Seeing Terry or Jenny being carried in by their favorite car probably bring on floods of tears, for sure, but it’s a beautiful way to remember someone for the energy and joy they brought to life and the things that mattered to them. A tip of the hat well in order, methinks.
Do I get priority service if I have… Hearse Gold?
Can i pay extra to be launched into the grave with a scandi flick?
Every time I see a slow funeral procession, I tell my family how much they frustrate me; but only because it’s such a missed opportunity.
Dedicated car? police escort? Can run traffic lights?
Obviously they should be driving as fast as possible! Every Hearst driver should have to have track time training requirements. I want to go out in style!! … at 100mph+
And if you’re in the procession, you’re free to try to keep up, but don’t worry, we’ll try to leave some champagne for you at the winners-circle / cemetery.
Put me in this and I’ll haunt you.
Lancers 4 lyfe (and death),
Stef
Is it a manual? Because when I go to ground for the final time, I want a dead stick landing.
I tried to buy a hearse a couple of times in high school, but they always had major issues, be it rot or rod knock, so when I ended up with an ’84 Subaru wagon, I did it up as a hearse for Halloween. With the frameless windows, the curtains had to be secured to the roof, which made getting in and out annoying to whoever ended up having to sit in back.
I guess that this is one way to ensure that you are not late for your own funeral.
They need to be sure there is room in the coffin for the deceased’s favourite vape.
I hear they don’t keep funeral cars around long, cause it would be embarrassing for them to break down; I want to buy this & turn it into a one-man camper.
Uh, not too soon, is it?
Funeral cars have extremely long service lives, actually, there’s a couple funeral homes around me that are still running 1993-96 Cadillac Fleetwoods. They don’t rack up a lot of miles or see a lot of abuse and are generally kept well maintained
Yeah: it was a poor attempt at humour
I’m assuming the undertakers show up in like, blue Alpinestars suits or something?
Well it’s certainly more dignified than having to roll in the Chevy Trahearse. But then again….at that point, who even cares? Set my dead ass on fire and yeet the ashes into a pretty body of water while blasting the Chacarron.
Do they have any Pintos, in case you want to be cremated?
Clever comment!
You can also hire a Ferrari for upgraded services.

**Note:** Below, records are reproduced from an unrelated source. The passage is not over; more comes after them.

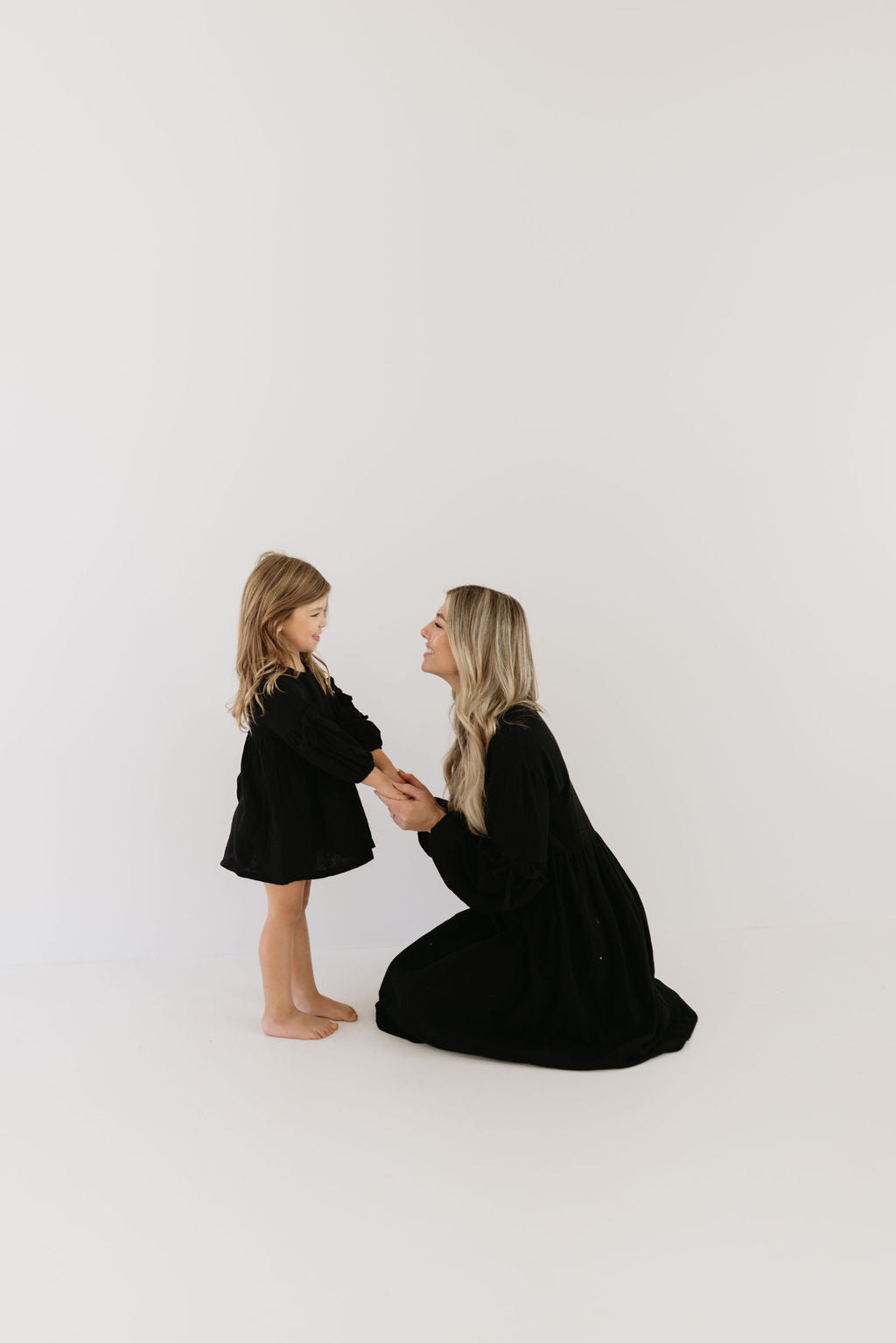 A woman kneels and smiles at a young girl, both wearing matching Aria dresses by forever french baby. The plain white background offers a simple, minimalistic setting, ideal for sharing style care tips.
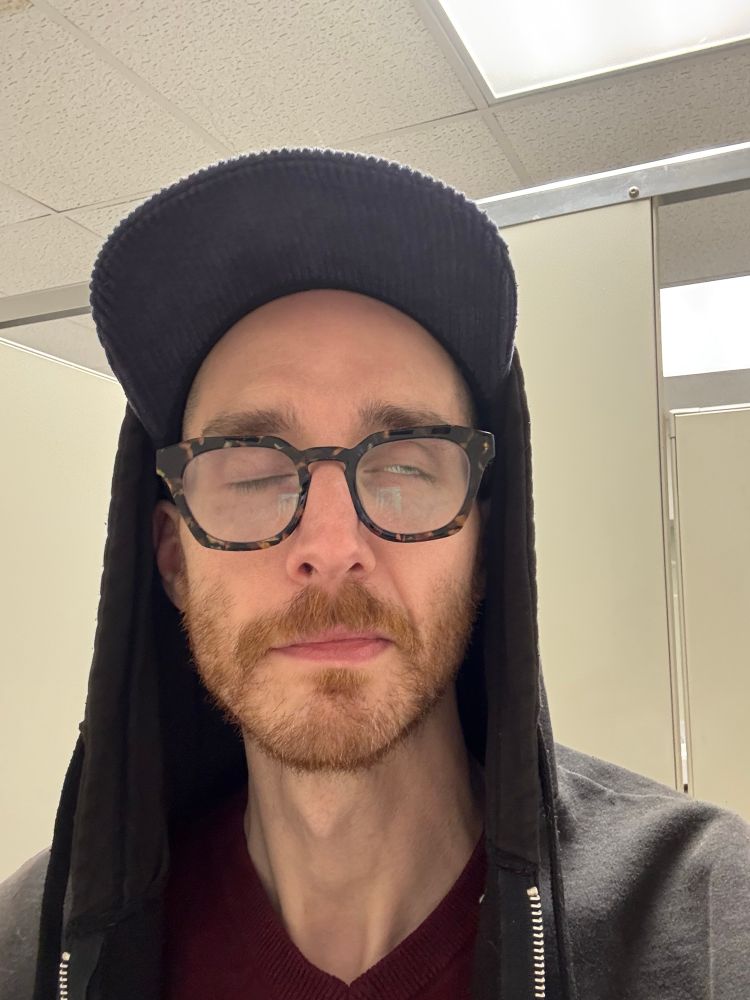 selfie of me in work bathroom stall, one of my eyes is shut (right) while the other (left) is a bit open, showing mostly the white and a tiny bit of the iris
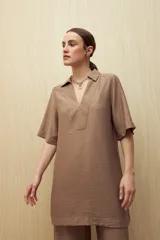 Vestido corto negro de línea relajada con cuello tipo solapa y escote en V profundo, mangas cortas amplias y calce suelto.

Interesting. When I was 10, my grandfather passed away. But there was no hearse involved after the funeral. Oh no. They loaded the casket into the back of his mid-80s, red and white Chevy pickup truck, complete with bed topper. For some reason the family had me ride in the truck, and you could hear the casket sliding around in the back.
When we arrived at the cemetery, they put me in the driver’s seat and had me drive the rest of the way to where my grandfather is buried. And that’s the story of the first time I ever drove a vehicle.
Nothing like a long bed when you’re heading for the long nap. Hope this didn’t scar you for life.
That is wild. I also can’t believe that they didn’t tie the casket down. Imagine hitting the gas and granddad flies out the back of the truck.
I was thinking that would be the perfect way to drop the casket into the grave.
Alright kid, put the truck in reverse and hit the gas. When you’re 3 feet from the hole, slam on the brakes!